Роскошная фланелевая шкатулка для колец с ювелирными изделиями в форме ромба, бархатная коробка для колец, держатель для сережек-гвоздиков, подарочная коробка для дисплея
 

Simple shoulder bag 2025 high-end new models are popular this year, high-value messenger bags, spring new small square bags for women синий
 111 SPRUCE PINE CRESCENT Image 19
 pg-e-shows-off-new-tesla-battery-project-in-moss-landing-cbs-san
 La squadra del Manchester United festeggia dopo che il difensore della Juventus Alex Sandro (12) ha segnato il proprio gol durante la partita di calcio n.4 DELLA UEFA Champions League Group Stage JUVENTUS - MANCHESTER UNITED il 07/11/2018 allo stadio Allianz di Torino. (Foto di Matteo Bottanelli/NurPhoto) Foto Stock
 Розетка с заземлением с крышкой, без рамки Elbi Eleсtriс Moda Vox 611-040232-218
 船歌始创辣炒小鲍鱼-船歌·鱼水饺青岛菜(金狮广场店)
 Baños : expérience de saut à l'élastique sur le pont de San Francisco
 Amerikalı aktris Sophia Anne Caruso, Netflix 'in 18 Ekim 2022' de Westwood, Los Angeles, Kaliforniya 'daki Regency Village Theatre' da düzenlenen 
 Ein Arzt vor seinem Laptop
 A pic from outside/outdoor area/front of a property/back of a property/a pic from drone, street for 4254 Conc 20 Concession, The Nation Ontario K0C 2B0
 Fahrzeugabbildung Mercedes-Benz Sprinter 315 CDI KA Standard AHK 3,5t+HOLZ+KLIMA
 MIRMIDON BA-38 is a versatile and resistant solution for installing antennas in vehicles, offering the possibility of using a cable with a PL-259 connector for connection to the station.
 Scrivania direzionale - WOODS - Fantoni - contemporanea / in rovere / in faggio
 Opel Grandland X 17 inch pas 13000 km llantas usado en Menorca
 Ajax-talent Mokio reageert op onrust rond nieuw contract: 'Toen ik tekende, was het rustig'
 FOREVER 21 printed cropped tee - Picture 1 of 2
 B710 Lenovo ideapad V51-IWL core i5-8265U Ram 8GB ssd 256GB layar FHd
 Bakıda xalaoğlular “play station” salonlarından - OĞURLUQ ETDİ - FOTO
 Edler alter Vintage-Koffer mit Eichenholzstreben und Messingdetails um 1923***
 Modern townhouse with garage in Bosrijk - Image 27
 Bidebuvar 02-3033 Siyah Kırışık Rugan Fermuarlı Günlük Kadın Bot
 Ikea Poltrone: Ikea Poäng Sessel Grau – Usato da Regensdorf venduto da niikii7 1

· · ·

(Prompt)
Among the lines above, find those that contain the word "station" and copy them.

(Your response)
 MIRMIDON BA-38 is a versatile and resistant solution for installing antennas in vehicles, offering the possibility of using a cable with a PL-259 connector for connection to the station.
 Bakıda xalaoğlular “play station” salonlarından - OĞURLUQ ETDİ - FOTO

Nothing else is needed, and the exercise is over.